**RECORDS FOR THE EXERCISE**:

———

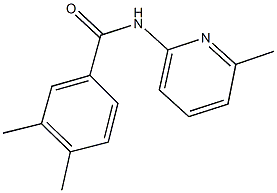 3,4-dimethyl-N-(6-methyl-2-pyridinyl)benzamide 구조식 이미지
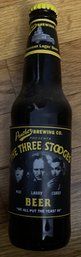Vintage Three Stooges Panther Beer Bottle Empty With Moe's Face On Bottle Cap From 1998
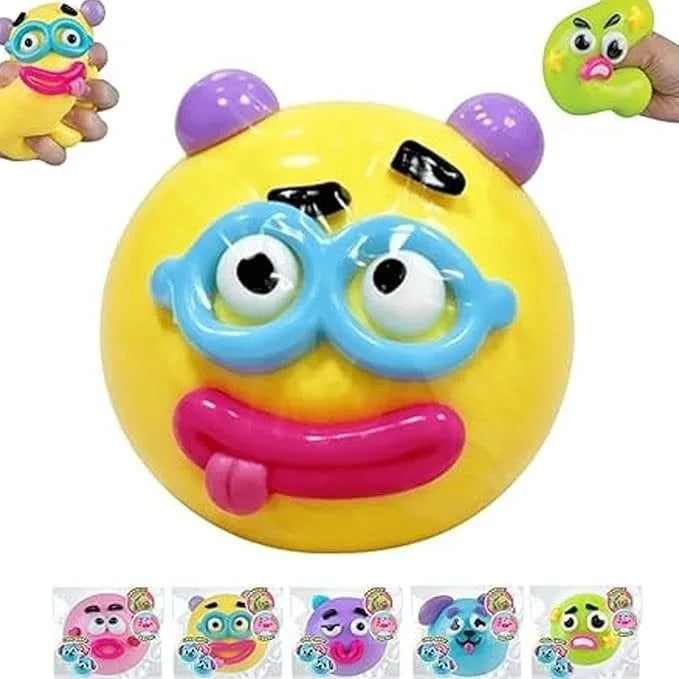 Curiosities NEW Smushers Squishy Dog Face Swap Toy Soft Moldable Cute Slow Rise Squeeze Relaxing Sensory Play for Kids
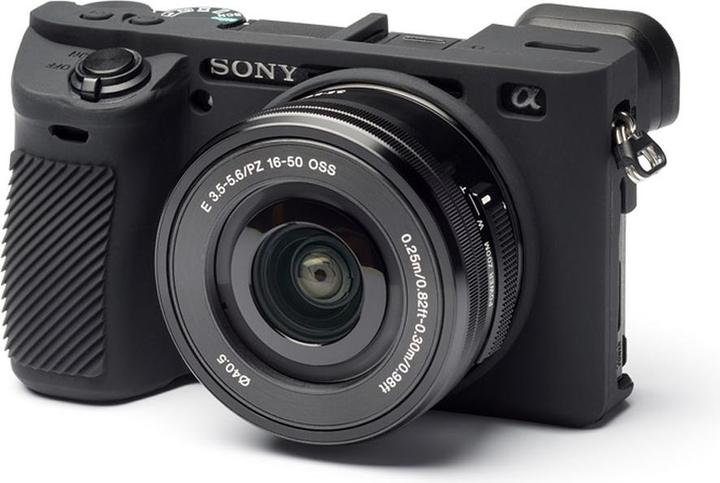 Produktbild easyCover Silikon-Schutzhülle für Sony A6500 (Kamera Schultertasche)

———

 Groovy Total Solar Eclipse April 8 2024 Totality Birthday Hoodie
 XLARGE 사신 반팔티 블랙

———

**WHAT IS BEING ASKED**: Above are some records. Output exactly the lines from the one that contains "3,4-dimethyl-N-(6-methyl-2-pyridinyl)benzamide 구조식 이미지" to the one that contains "Produktbild easyCover Silikon-Schutzhülle", keeping both, and omit the pictures.

**RESPONSE BOX**:
 3,4-dimethyl-N-(6-methyl-2-pyridinyl)benzamide 구조식 이미지
Vintage Three Stooges Panther Beer Bottle Empty With Moe's Face On Bottle Cap From 1998
 Curiosities NEW Smushers Squishy Dog Face Swap Toy Soft Moldable Cute Slow Rise Squeeze Relaxing Sensory Play for Kids
 Produktbild easyCover Silikon-Schutzhülle für Sony A6500 (Kamera Schultertasche)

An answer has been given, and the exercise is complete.